甲子園の常連校のような高校に再受験で合格したとしても、春・夏の甲子園出場の規定では、満18歳になる年までしか、選手として出場はできません。
彼の場合、再受験をすると、選手としては、高校2年生までしか出ることができないのです。
それをまず覚悟することを伝えました。
その上で、そもそも既卒生の受験を認めてくれる学校かどうかも調べないといけない、ということまであると、彼に伝えました。
県大会でエースで4番でベスト4まで勝ち上がったと言っても、体格的には170cmもない体格では、なかなかレギュラーになることも難しいだろうことも、覚悟が必要でした。

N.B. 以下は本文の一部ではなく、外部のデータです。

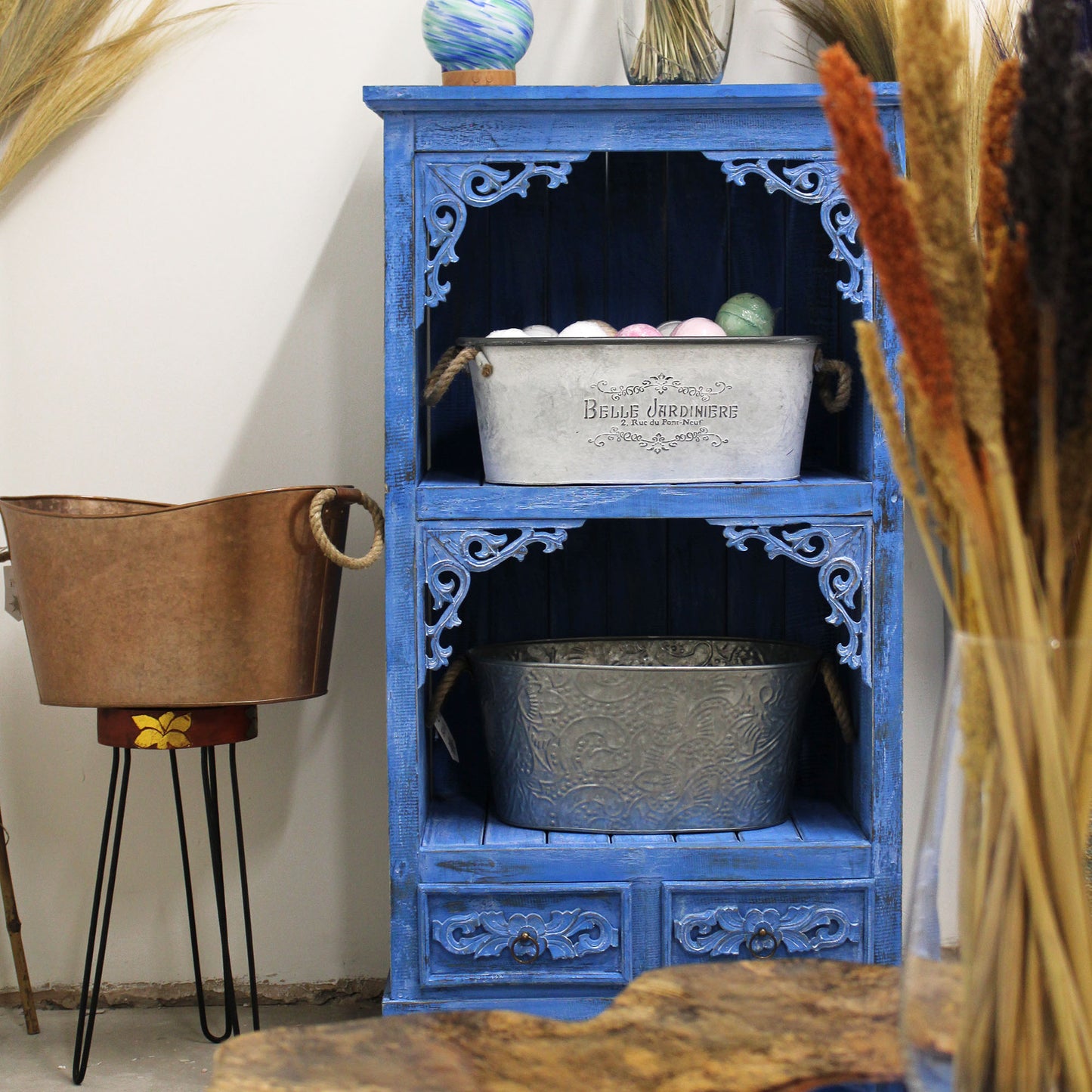 Albasia Wood Storage Shelf with Drawers - Blue Wash - Height 120cm Width 66.7cm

当然、高校3年生では、選手としては出ることができないので、高校3年生では、しっかりと学習をして、大学受験をすることを考えてはどうかという意見も伝えました。
そのために、野球の推薦で高校入試を考えるのではなく、普通に受験をして合格をすることも考えないといけないと伝えたのです。

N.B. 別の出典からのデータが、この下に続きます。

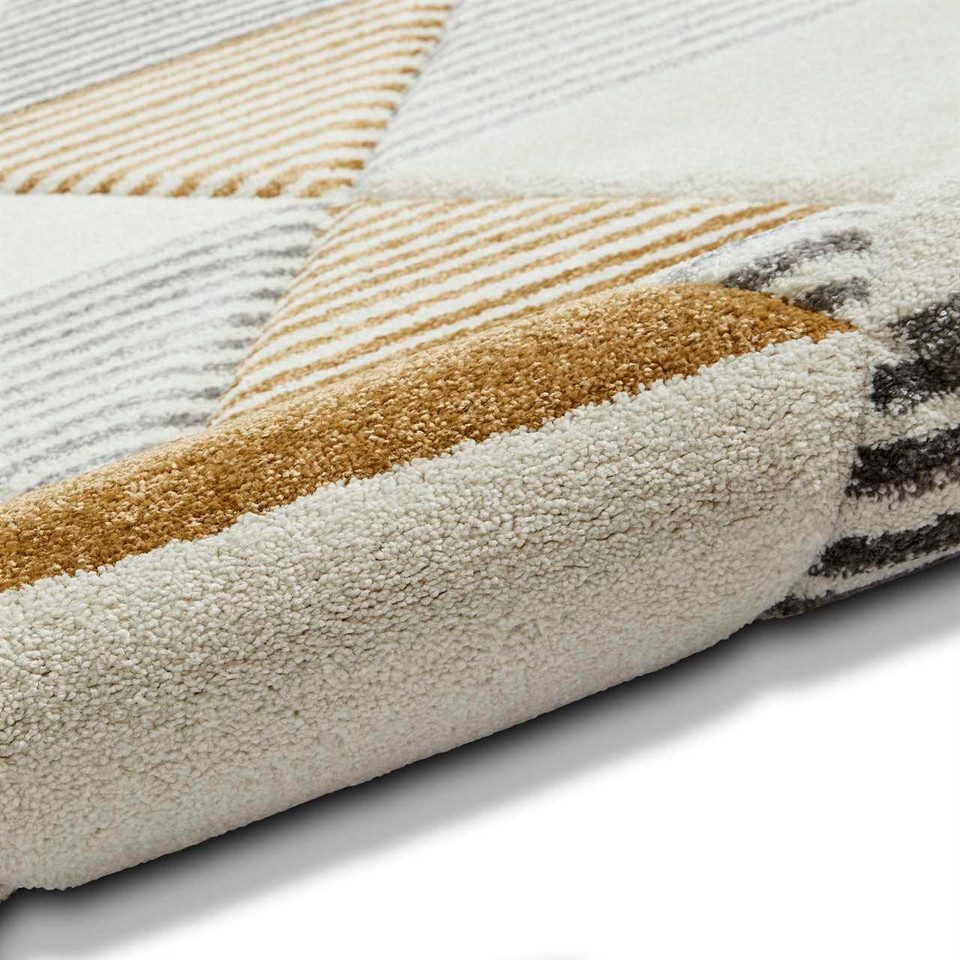 Geometric Rug Brooklyn BRK15 Grey Yellow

それでもやるのか、と彼に聞いたところ、彼はやってみたい、ということで、受験できる学校が見つかるまでは、今の高校で学習をしながら、クラブもしっかりやっておくようにと伝え、その日は終わりました。
いくつかの私立高校で、甲子園の出場回数が多いところに、電話をしていろいろとお聞きしたところ、その教頭先生が一度、話を聞きたいとおっしゃってくださったのです。

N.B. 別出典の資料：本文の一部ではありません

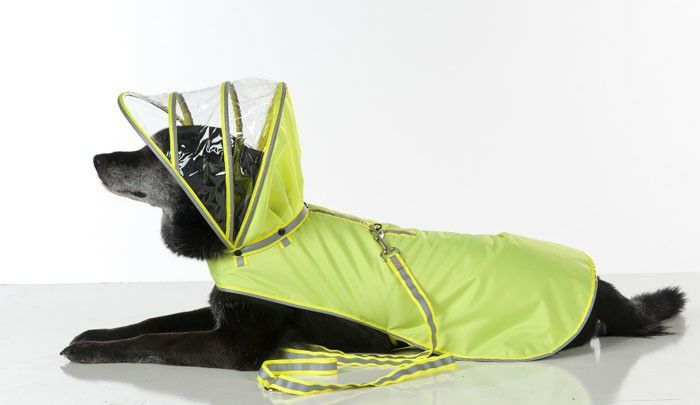 犬用 レインコート PushPushi ドッグレインコート イエローポルカ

その日のうちにアポイントを取って、おうかがいしてお話させていただきました。
野球部の監督も同席してくださり、名前も伝えたところ、彼のことをご存知でした。
野球部としては、選手として試合に出ることは相当厳しいということは覚悟して来られるなら、野球の推薦でも構わないとまで、野球部の監督はおっしゃってくださったのです。
それを黙って聞いていた教頭先生は、「でも、高3でのことを考えると、野球の推薦での受験はお受けしない方がいいと思います。真正面から勉強で入試を突破してきて欲しい。それくらいのガッツを見せて欲しいと思います。」とおっしゃったのです。
そのことを、その日のうちに電話で彼と彼のご両親には伝えました。
中学時代を野球メインで過ごしてきたので、さすがに勉強で入試を合格して来て欲しいと言われたのには、彼本人もためらったようですが、それでもやりたいということで、その後、私のところで勉強するようになりました。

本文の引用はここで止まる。